Could you find each line of the data below that contains the word "White" and copy those lines?

Extracted data entries:
·····

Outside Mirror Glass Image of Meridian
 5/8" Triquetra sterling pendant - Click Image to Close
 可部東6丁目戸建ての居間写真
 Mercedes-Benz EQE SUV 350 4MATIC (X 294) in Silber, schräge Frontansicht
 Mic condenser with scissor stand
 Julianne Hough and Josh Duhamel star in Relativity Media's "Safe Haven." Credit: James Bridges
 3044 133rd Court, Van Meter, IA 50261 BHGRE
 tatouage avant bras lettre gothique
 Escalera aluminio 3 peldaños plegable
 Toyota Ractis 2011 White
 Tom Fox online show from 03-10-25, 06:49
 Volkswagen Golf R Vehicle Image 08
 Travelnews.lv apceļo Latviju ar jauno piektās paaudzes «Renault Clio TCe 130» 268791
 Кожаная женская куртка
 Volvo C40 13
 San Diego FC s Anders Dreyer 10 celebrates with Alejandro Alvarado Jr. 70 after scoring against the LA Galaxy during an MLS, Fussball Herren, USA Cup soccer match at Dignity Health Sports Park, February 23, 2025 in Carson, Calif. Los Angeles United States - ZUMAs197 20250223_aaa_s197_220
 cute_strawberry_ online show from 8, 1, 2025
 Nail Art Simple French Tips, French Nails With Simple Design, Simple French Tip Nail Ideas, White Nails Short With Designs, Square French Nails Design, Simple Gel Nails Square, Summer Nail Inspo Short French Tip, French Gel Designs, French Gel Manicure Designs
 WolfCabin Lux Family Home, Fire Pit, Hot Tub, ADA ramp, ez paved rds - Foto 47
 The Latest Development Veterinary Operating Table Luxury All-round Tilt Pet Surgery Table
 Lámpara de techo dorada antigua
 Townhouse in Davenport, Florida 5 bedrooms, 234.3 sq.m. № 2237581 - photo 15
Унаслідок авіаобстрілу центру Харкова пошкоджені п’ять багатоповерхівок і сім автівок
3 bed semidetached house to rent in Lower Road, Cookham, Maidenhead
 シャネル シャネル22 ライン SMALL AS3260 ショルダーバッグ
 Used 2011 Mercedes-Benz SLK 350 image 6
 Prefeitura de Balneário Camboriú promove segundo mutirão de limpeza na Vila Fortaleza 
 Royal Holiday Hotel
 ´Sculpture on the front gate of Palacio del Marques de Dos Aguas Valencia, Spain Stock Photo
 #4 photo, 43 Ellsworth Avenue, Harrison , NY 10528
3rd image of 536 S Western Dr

·····

RESPONSE |
 Toyota Ractis 2011 White
 Nail Art Simple French Tips, French Nails With Simple Design, Simple French Tip Nail Ideas, White Nails Short With Designs, Square French Nails Design, Simple Gel Nails Square, Summer Nail Inspo Short French Tip, French Gel Designs, French Gel Manicure Designs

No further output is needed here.